M. : J’ai exercé dans un établissement privé auparavant tenu par des sœurs. L’ambiance y était très stricte. En général, dans le privé, la façon d’exercer le métier me déplaît. Par exemple, le fait de choisir ses patients. La santé n’est pas une marchandise. De plus, les patients doivent y être encore plus exigeants que dans le public.

L’I. M. : Le choix entre privé et public est-il un sujet de discussion entre collègues ?
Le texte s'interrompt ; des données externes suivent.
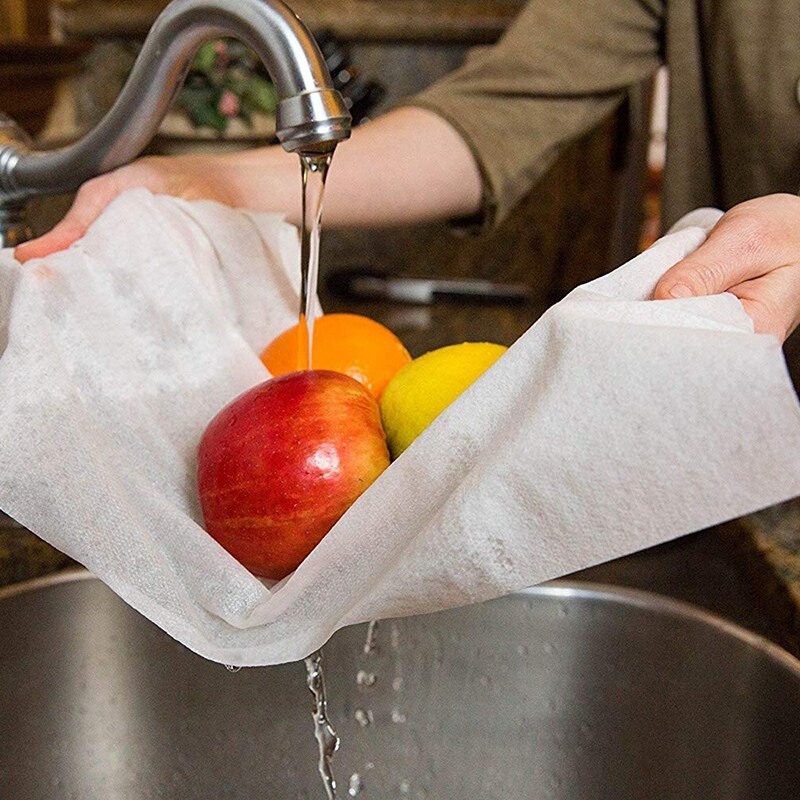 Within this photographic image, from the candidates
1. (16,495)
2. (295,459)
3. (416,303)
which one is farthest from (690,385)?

C. : À l’école, oui, car c’est une grande décision à prendre. Entre copines, on comparait les grilles de salaire sur Internet. Mais, en stage, les infirmières nous disaient seulement : « Les avantages, les inconvénients, il y en a dans les deux secteurs, tu verras… » Quant aux formateurs d’Ifsi, ils n’abordaient pas le sujet. En fin de troisième année, des cadres venaient quasiment nous embaucher pour leurs établissements, mais sans en montrer les inconvénients.

M. : À l’école, la pression des cours et des stages laissait peu de temps pour évoquer ce sujet. Qui n’est pas non plus abordé sous l’angle politique. Une fois diplômés, on n’en parle pas non plus, ou peu, car on a la tête dans le guidon, avec les soins, les traitements, la peur de l’erreur, les paperasses à remplir. On se demande plutôt si ça vaut le coup de partir ou pas, à cause de la pénibilité.

L’I.M. : Est-ce plus dur dans le public ou dans le privé ?

C. : C’est, a priori, moins galère en clinique. En fait, la pression diffère : dans le privé, il y a moins de risque vital. Dans les deux secteurs, on fait dix choses en même temps. Dans le public, on a plus de charges ; dans le privé, plus de fonctions : du secrétariat, du ménage…

M. : Dans le public aussi, on passe le balai ! Il n’existe pas tant que ça de différences.

L’I. M. : Est-ce un choix définitif ?

C. : Je n’ai pas renoncé au public. Mais, pour l’instant, au niveau du métier, cela ne me correspond pas. En revanche, dans le privé, il faut accepter les médecins comme ils sont : certains voient plus la patientèle comme une clientèle…

M. : Un jour, j’en aurai peut-être marre de la suroccupation des lits, ou d’une certaine violence, qui est acceptée et qui ne devrait pas l’être.